LeetCode 2769: Find the Maximum Achievable Number (Math Derivation)

Today we solve LeetCode 2769 - Find the Maximum Achievable Number.

Source: https://leetcode.com/problems/find-the-maximum-achievable-number/

English

Problem Summary

You are given integers num and t. In one move, you can increase or decrease x by 1, and do the opposite operation on num. After exactly t moves, return the maximum possible x.

Key Insight

In one operation, if x increases by 1 then num decreases by 1 (opposite directions).
To maximize x, we always choose that direction for all t moves. Each move effectively gives a net gain of 2 toward achievable x, so the final answer is num + 2t.

Derivation

Start with target candidate x = num. After one optimal move, x can be pushed one step higher while preserving the allowed relation. Repeating this for t moves adds 2t total headroom from the original num baseline.
Therefore, x_max = num + 2t.

Complexity Analysis

Time: O(1).
Space: O(1).

Reference Implementations (Java / Go / C++ / Python / JavaScript)

class Solution {
    public int theMaximumAchievableX(int num, int t) {
        return num + 2 * t;
    }
}

func theMaximumAchievableX(num int, t int) int {
    return num + 2*t
}

class Solution {
public:
    int theMaximumAchievableX(int num, int t) {
        return num + 2 * t;
    }
};

class Solution:
    def theMaximumAchievableX(self, num: int, t: int) -> int:
        return num + 2 * t

var theMaximumAchievableX = function(num, t) {
  return num + 2 * t;
};

中文

题目概述

给定整数 num 和 t。每次操作里，你可以让 x 加 1 或减 1， 同时让 num 做相反操作。

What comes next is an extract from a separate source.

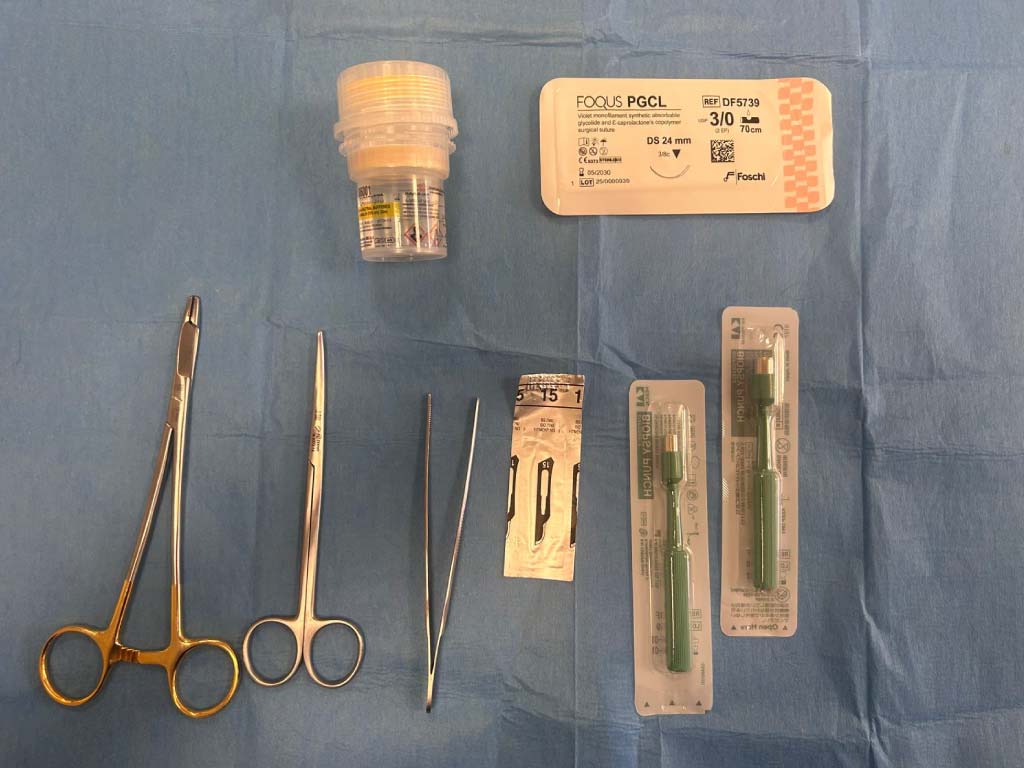 biopsia cutanea veterinaria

恰好做 t 次后，求 x 的最大值。

核心思路

要让 x 最大，每一步都应该让 x 增加 1，而 num 减少 1。
这样做 t 次后，x 一共增加 t，同时由题意关系可化简为最终答案 num + 2t。

推导说明

每一步把 x 往上推 1，总共推 t 次，并与 num 的反向移动配对。
代数化简后最大可达值就是 num + 2t，无需模拟过程。

复杂度分析

时间复杂度：O(1)。
空间复杂度：O(1)。

多语言参考实现（Java / Go / C++ / Python / JavaScript）

class Solution {
    public int theMaximumAchievableX(int num, int t) {
        return num + 2 * t;
    }
}

func theMaximumAchievableX(num int, t int) int {
    return num + 2*t
}

class Solution {
public:
    int theMaximumAchievableX(int num, int t) {
        return num + 2 * t;
    }
};

class Solution:
    def theMaximumAchievableX(self, num: int, t: int) -> int:
        return num + 2 * t

var theMaximumAchievableX = function(num, t) {
  return num + 2 * t;
};